WORK INSTRUCTIONS
Output only the lines below from the one containing "with Umbrella Hole" to the one containing "Gradient Circuit Board", exactly as written, both ends kept.

Short text fragments from websites
^^^^^^^^

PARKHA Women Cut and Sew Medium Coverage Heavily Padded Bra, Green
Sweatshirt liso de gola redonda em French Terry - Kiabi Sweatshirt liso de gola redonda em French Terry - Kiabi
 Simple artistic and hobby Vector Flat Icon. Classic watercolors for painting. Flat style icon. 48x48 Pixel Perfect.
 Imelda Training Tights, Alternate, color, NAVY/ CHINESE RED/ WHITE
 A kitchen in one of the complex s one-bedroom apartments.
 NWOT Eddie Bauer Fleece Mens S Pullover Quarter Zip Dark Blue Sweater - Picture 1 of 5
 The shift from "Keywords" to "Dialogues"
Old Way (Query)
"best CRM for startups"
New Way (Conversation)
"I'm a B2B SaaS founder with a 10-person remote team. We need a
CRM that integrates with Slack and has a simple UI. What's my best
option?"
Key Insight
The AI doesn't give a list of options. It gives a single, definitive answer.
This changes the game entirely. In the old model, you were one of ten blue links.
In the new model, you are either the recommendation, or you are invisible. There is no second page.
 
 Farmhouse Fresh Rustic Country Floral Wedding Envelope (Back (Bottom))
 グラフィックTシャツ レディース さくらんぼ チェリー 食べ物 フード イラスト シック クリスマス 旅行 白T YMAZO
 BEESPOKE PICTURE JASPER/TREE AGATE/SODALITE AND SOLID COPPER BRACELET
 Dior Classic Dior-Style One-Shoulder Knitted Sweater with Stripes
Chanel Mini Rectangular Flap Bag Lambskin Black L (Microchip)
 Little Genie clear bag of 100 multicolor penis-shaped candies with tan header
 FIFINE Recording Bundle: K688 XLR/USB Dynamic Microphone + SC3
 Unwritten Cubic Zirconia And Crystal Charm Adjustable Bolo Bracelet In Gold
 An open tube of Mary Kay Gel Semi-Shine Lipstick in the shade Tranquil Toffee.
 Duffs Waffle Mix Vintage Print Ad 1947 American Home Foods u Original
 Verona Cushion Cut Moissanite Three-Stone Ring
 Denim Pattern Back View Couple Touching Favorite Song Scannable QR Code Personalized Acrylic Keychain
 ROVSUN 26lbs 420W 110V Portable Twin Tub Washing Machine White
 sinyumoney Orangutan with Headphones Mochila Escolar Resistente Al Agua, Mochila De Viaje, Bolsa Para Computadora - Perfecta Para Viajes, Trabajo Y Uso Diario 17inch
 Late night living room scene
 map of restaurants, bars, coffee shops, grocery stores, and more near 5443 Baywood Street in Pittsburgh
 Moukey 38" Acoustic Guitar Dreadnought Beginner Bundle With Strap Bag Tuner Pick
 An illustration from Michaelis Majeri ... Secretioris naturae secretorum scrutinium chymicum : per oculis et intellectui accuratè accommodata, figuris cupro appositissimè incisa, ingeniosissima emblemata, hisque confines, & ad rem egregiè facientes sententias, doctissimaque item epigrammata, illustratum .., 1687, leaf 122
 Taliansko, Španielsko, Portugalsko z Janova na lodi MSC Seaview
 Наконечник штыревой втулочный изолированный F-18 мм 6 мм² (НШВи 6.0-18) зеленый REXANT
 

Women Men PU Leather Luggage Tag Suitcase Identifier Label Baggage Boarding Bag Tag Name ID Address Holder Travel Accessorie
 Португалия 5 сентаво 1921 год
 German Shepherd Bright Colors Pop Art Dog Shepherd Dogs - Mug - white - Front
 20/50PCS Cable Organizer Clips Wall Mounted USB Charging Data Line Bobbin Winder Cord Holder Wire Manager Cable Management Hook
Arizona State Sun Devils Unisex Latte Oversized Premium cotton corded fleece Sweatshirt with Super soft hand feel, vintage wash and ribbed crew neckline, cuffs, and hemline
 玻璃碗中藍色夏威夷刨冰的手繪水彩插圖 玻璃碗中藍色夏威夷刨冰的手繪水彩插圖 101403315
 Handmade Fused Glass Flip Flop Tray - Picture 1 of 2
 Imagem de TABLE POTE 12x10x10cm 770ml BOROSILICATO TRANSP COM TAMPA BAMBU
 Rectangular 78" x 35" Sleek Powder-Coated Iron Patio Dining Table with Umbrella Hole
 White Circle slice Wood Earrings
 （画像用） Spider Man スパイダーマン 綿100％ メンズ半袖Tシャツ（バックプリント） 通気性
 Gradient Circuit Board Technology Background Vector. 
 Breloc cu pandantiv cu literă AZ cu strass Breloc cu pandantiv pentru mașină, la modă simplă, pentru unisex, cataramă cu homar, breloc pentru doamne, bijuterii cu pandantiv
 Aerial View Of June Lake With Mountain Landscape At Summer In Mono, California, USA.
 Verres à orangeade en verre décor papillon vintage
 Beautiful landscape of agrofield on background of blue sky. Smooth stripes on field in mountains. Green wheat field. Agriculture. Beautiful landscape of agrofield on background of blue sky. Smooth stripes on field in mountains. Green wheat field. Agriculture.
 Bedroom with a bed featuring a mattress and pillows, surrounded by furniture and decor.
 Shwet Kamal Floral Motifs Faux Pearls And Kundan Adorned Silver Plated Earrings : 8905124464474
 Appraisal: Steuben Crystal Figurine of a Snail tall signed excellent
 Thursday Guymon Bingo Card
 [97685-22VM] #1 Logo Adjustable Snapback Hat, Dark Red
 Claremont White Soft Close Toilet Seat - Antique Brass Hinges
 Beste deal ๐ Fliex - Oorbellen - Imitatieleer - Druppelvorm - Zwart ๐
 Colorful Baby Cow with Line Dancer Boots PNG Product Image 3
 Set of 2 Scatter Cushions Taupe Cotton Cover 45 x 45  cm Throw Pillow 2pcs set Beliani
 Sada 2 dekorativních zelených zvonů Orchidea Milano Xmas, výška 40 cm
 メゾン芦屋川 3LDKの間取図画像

^^^^^^^^

WRITTEN SOLUTION
 Rectangular 78" x 35" Sleek Powder-Coated Iron Patio Dining Table with Umbrella Hole
 White Circle slice Wood Earrings
 （画像用） Spider Man スパイダーマン 綿100％ メンズ半袖Tシャツ（バックプリント） 通気性
 Gradient Circuit Board Technology Background Vector. 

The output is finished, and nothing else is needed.